What does the Bible say about
cedar trees and cedar wood
Hebrew: אֶרֶז —transliteration: e'rez or erez —meaning: a cedar tree
Greek: kedros (κέδρος )
Latin: cedrus
This is a tree very frequently mentioned in Old Testament scripture (73 verses).
Cedars once grew very abundantly in Israel, and particularly in Lebanon, of which it was “the glory” (Isaiah 35:2; 60:13). They were famous for the height and grandeur.
These Lebanese cedars were particularly stately (Ezek. 31:3-5), long-branched (Psalm 80:10; 92:12; Ezek. 31:6-9), with fragrant aromatic wood (Song of Songs 4:11; Hos. 14:6), and very durable.
The Lebanese mountains were once thick with cedar forests, and they are the symbol and emblem of Lebanon to this day. But over the millennia, they were greatly over cut and neared extinction. Of the truly ancient cedars of Lebanon there remain very few, and they are not standing together. However, there are hundreds of younger trees of ages between 300-400 years.
Four Lebanese cedar trees in the protected Cedars of God area (Kadisha Valley of Bsharre, Lebanon) have reportedly reached a height of 115 feet (35 meters), with trunk girths reaching 39–46 feet (12–14 meters).
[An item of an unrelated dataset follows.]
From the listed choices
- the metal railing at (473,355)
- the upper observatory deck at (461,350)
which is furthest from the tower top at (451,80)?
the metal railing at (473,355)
The spread of the boughs of one notable tree is recorded at 37 yards (approximately 33.8 meters).
Hiram supplied Solomon with cedar trees from Lebanon for various purposes connected with the construction of the Holy Temple and the king’s palace (2 Samuel 5:11; 7:2, 7; 1 Kings 5:6, 8, 10; 6:9-10, 15-16, 18, 20; 7:2-3, 7, 11-12; 9:11, etc.).
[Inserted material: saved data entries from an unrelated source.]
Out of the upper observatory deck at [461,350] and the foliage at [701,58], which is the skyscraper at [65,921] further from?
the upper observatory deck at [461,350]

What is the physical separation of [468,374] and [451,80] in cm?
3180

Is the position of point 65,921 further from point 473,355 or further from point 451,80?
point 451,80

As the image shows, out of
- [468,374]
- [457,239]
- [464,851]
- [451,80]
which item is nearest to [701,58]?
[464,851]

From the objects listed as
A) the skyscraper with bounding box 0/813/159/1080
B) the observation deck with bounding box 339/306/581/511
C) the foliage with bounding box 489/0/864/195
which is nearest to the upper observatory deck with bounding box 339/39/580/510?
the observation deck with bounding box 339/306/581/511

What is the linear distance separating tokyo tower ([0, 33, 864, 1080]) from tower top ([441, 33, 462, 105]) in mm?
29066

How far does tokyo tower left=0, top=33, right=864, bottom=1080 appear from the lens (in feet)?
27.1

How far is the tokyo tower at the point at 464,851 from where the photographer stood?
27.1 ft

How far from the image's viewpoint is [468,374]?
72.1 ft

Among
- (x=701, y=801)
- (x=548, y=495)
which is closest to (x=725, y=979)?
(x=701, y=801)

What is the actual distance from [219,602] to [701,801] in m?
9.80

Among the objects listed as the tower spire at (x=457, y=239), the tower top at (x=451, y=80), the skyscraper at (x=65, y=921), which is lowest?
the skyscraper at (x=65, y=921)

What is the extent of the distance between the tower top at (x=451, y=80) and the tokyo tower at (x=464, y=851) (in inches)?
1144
Cedar was used often for boards, pillars, and ceilings (1 Kings 6:9-10; 7:2; Jeremiah 22:14), for ship masts (Ezek. 27:5), and for carved images (Isaiah 44:14).
Cedars were used also in the building of the second temple under Zerubbabel (Ezra 3:7).
The great cedar trees are also mentioned in the ancient Epic of Gilgamesh (aka Nimrod), where he uses them to build his city.
The wood was widely used by the Israelites, Phoenicians (fleets of merchant ships), Egyptians, Assyrians, Babylonians, Persians, Romans, Arabs, and Turks. The Egyptians all used cedar resin in their mummification process.
Aromatic cedar wood was used by Israel’s priests in a post-leprosy ceremony.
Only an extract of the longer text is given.